**** Information

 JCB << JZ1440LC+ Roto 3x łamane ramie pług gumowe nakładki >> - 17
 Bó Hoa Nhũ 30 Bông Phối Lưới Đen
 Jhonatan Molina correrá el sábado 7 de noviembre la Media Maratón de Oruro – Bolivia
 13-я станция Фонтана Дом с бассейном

********
**** Information

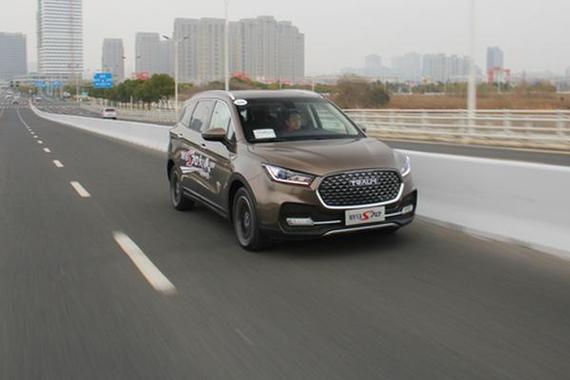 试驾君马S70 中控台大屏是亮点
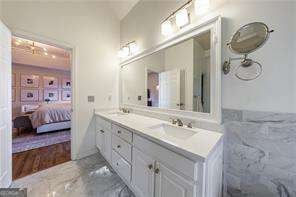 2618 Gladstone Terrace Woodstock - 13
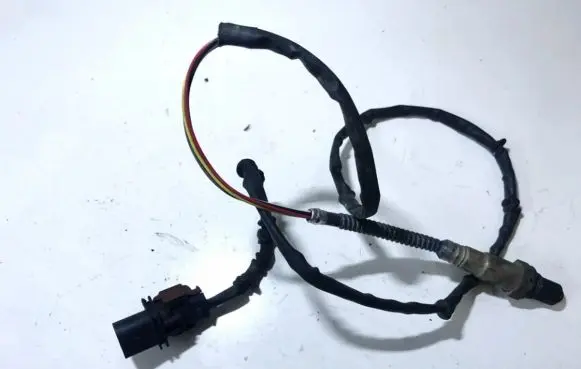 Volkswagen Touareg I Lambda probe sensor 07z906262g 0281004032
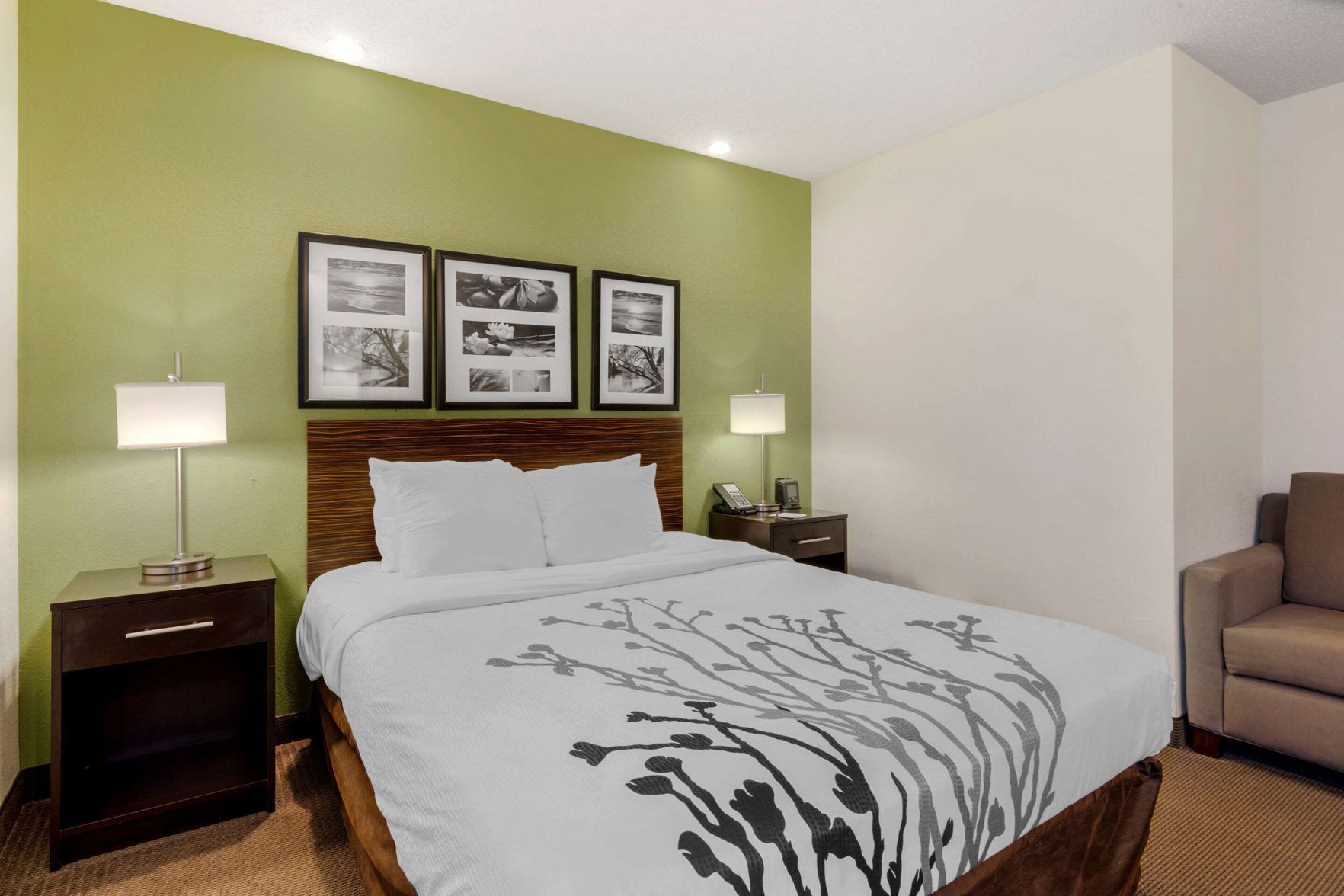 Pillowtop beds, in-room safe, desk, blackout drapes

********

Everything from the line with "JCB << JZ1440LC+" through the line with "13-я станция Фонтана Дом с бассейном" should be written out exactly as it appears above, end lines included, and nothing outside that range.

(Written answer)
 JCB << JZ1440LC+ Roto 3x łamane ramie pług gumowe nakładki >> - 17
 Bó Hoa Nhũ 30 Bông Phối Lưới Đen
 Jhonatan Molina correrá el sábado 7 de noviembre la Media Maratón de Oruro – Bolivia
 13-я станция Фонтана Дом с бассейном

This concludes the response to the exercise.